ASSIGNMENT:
Repeat each record that follows, keeping it identical.

Crawled caption data:
- - -
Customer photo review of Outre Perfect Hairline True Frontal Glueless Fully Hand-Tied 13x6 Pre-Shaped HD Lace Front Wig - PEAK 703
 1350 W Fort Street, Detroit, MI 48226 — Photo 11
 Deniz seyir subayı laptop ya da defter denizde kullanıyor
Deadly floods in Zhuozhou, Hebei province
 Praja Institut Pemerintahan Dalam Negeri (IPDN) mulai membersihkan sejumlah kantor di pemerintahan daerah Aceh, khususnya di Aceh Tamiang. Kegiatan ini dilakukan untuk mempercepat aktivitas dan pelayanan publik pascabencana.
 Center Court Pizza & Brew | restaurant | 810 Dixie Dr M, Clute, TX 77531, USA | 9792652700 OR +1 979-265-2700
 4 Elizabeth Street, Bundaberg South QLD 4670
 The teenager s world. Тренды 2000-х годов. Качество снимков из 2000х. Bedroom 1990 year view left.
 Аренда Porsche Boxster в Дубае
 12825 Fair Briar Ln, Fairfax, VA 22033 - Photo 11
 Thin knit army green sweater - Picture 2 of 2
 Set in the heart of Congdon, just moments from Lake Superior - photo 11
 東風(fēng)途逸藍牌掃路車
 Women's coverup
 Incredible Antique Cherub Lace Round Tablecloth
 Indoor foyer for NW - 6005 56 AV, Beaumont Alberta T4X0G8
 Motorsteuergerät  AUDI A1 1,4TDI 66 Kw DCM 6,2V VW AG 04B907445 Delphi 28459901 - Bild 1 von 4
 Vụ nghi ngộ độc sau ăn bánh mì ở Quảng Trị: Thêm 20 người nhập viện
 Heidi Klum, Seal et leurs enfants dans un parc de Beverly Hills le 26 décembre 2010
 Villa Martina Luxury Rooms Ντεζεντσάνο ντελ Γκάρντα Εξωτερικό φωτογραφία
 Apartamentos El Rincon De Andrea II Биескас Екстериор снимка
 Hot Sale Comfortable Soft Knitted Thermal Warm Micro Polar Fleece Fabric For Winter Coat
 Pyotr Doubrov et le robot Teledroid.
- - -
RESULT OF THIS EXERCISE:
Customer photo review of Outre Perfect Hairline True Frontal Glueless Fully Hand-Tied 13x6 Pre-Shaped HD Lace Front Wig - PEAK 703
 1350 W Fort Street, Detroit, MI 48226 — Photo 11
 Deniz seyir subayı laptop ya da defter denizde kullanıyor
Deadly floods in Zhuozhou, Hebei province
 Praja Institut Pemerintahan Dalam Negeri (IPDN) mulai membersihkan sejumlah kantor di pemerintahan daerah Aceh, khususnya di Aceh Tamiang. Kegiatan ini dilakukan untuk mempercepat aktivitas dan pelayanan publik pascabencana.
 Center Court Pizza & Brew | restaurant | 810 Dixie Dr M, Clute, TX 77531, USA | 9792652700 OR +1 979-265-2700
 4 Elizabeth Street, Bundaberg South QLD 4670
 The teenager s world. Тренды 2000-х годов. Качество снимков из 2000х. Bedroom 1990 year view left.
 Аренда Porsche Boxster в Дубае
 12825 Fair Briar Ln, Fairfax, VA 22033 - Photo 11
 Thin knit army green sweater - Picture 2 of 2
 Set in the heart of Congdon, just moments from Lake Superior - photo 11
 東風(fēng)途逸藍牌掃路車
 Women's coverup
 Incredible Antique Cherub Lace Round Tablecloth
 Indoor foyer for NW - 6005 56 AV, Beaumont Alberta T4X0G8
 Motorsteuergerät  AUDI A1 1,4TDI 66 Kw DCM 6,2V VW AG 04B907445 Delphi 28459901 - Bild 1 von 4
 Vụ nghi ngộ độc sau ăn bánh mì ở Quảng Trị: Thêm 20 người nhập viện
 Heidi Klum, Seal et leurs enfants dans un parc de Beverly Hills le 26 décembre 2010
 Villa Martina Luxury Rooms Ντεζεντσάνο ντελ Γκάρντα Εξωτερικό φωτογραφία
 Apartamentos El Rincon De Andrea II Биескас Екстериор снимка
 Hot Sale Comfortable Soft Knitted Thermal Warm Micro Polar Fleece Fabric For Winter Coat
 Pyotr Doubrov et le robot Teledroid.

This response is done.